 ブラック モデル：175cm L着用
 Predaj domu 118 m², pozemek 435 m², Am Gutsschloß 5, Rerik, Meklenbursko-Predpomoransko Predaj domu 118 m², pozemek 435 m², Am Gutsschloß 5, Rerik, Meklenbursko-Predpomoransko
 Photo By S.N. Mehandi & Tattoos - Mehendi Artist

┄┄┄┄┄┄┄┄┄┄┄┄┄┄┄┄┄┄┄┄

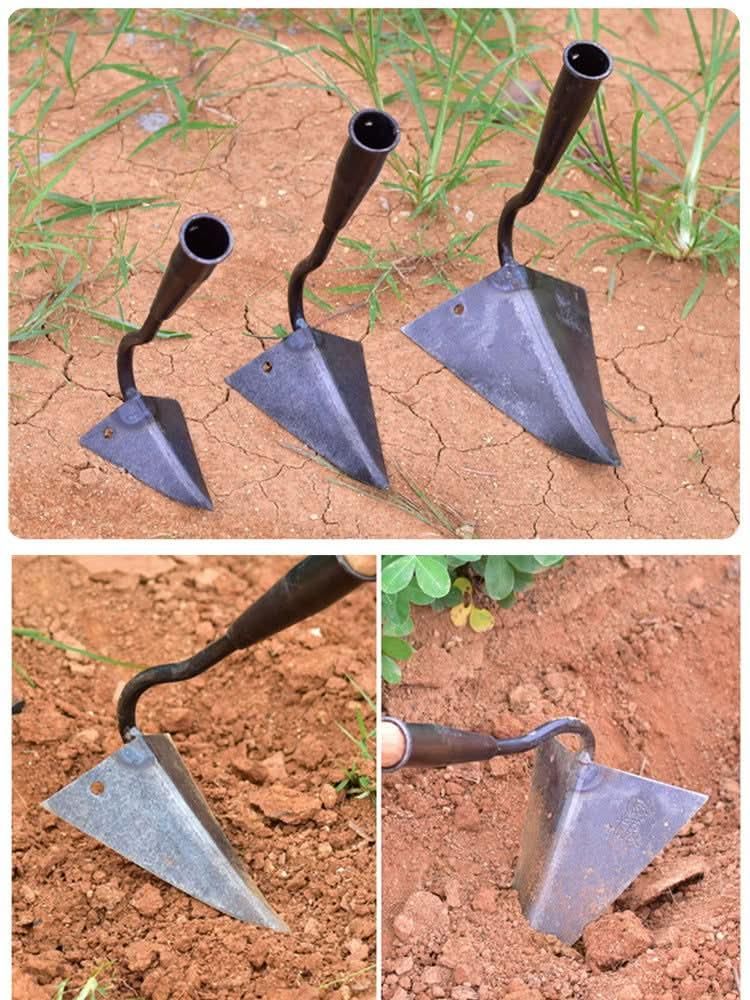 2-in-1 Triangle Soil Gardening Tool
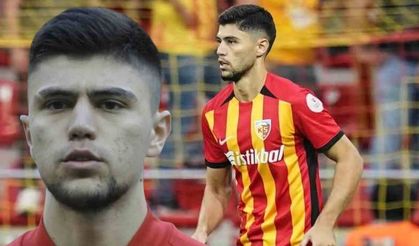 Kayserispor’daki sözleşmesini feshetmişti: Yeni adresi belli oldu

┄┄┄┄┄┄┄┄┄┄┄┄┄┄┄┄┄┄┄┄

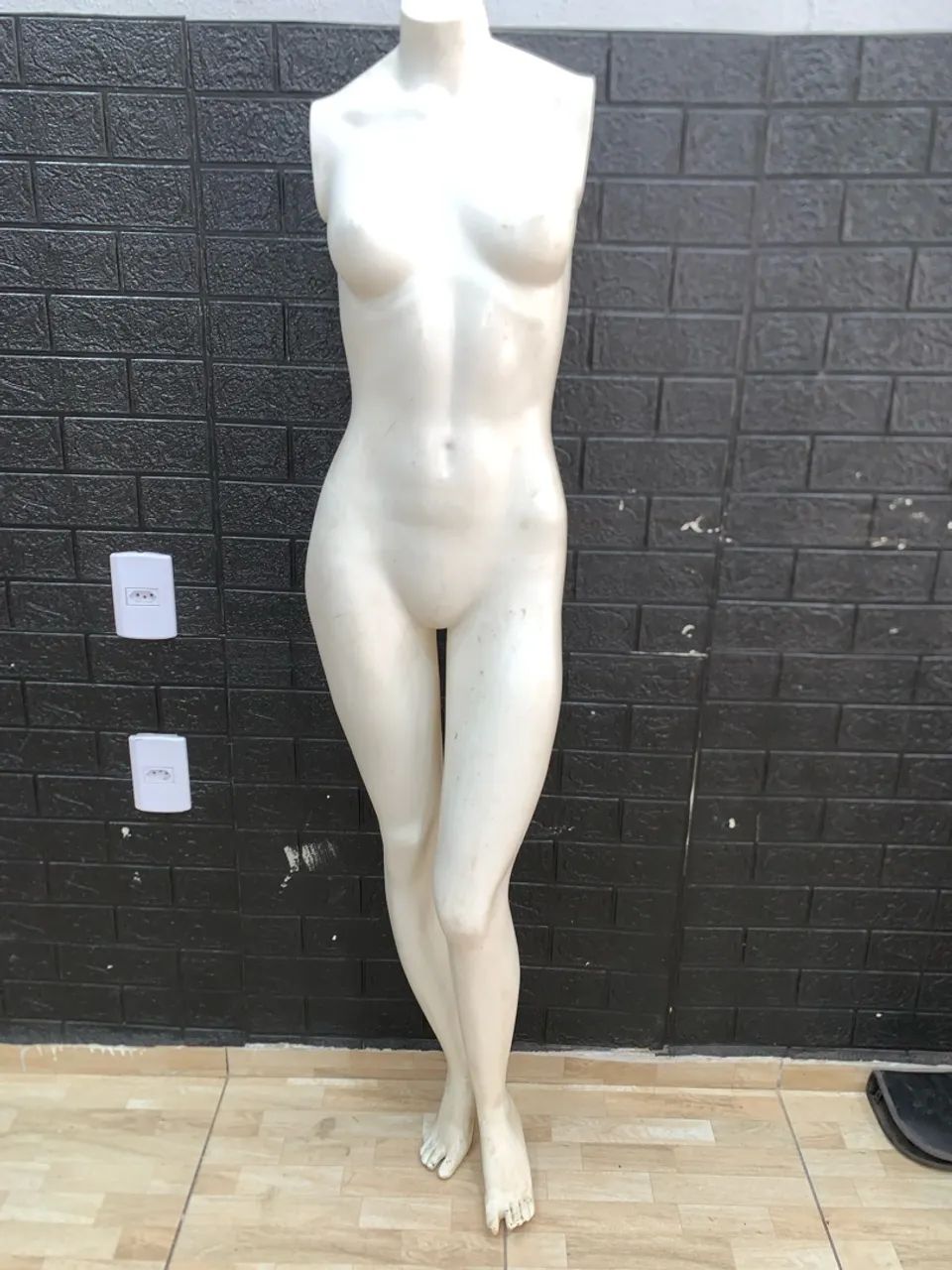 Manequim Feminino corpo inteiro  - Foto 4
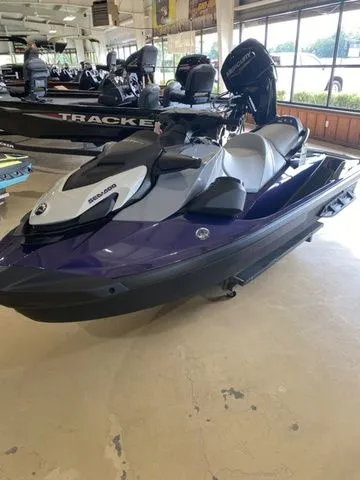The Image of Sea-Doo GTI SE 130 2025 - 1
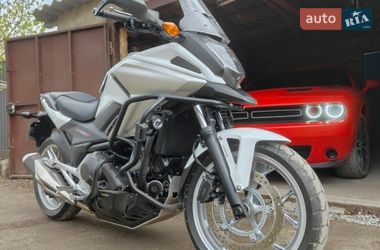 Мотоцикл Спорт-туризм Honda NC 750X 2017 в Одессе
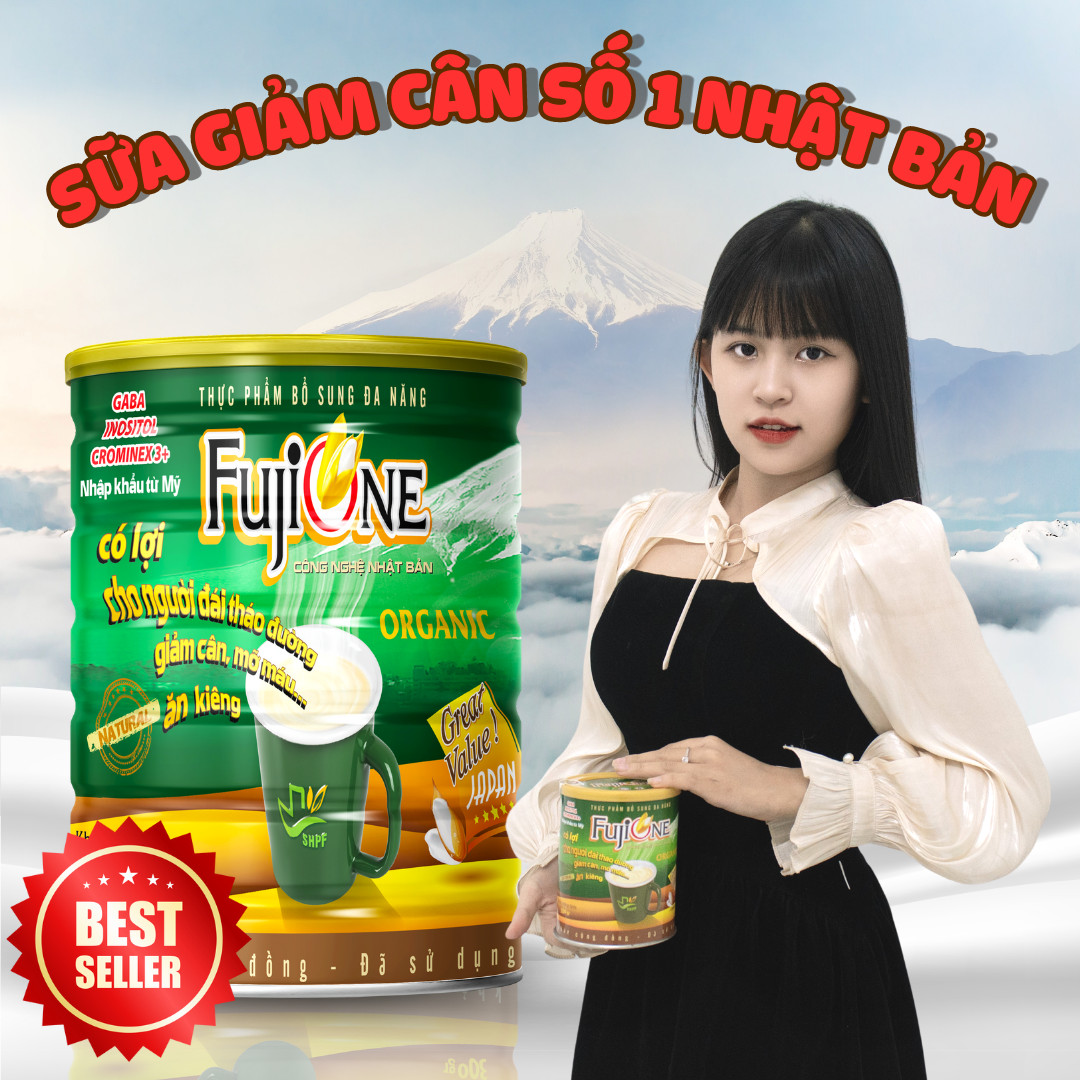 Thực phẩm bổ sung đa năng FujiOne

┄┄┄┄┄┄┄┄┄┄┄┄┄┄┄┄┄┄┄┄

* **Directions**: Above are the entries. Copy exactly the part that opens with the line containing "ブラック モデル：175cm L着用" and closes with the line containing "Photo By S.N.", and no more.

* **Task response**:
 ブラック モデル：175cm L着用
 Predaj domu 118 m², pozemek 435 m², Am Gutsschloß 5, Rerik, Meklenbursko-Predpomoransko Predaj domu 118 m², pozemek 435 m², Am Gutsschloß 5, Rerik, Meklenbursko-Predpomoransko
 Photo By S.N. Mehandi & Tattoos - Mehendi Artist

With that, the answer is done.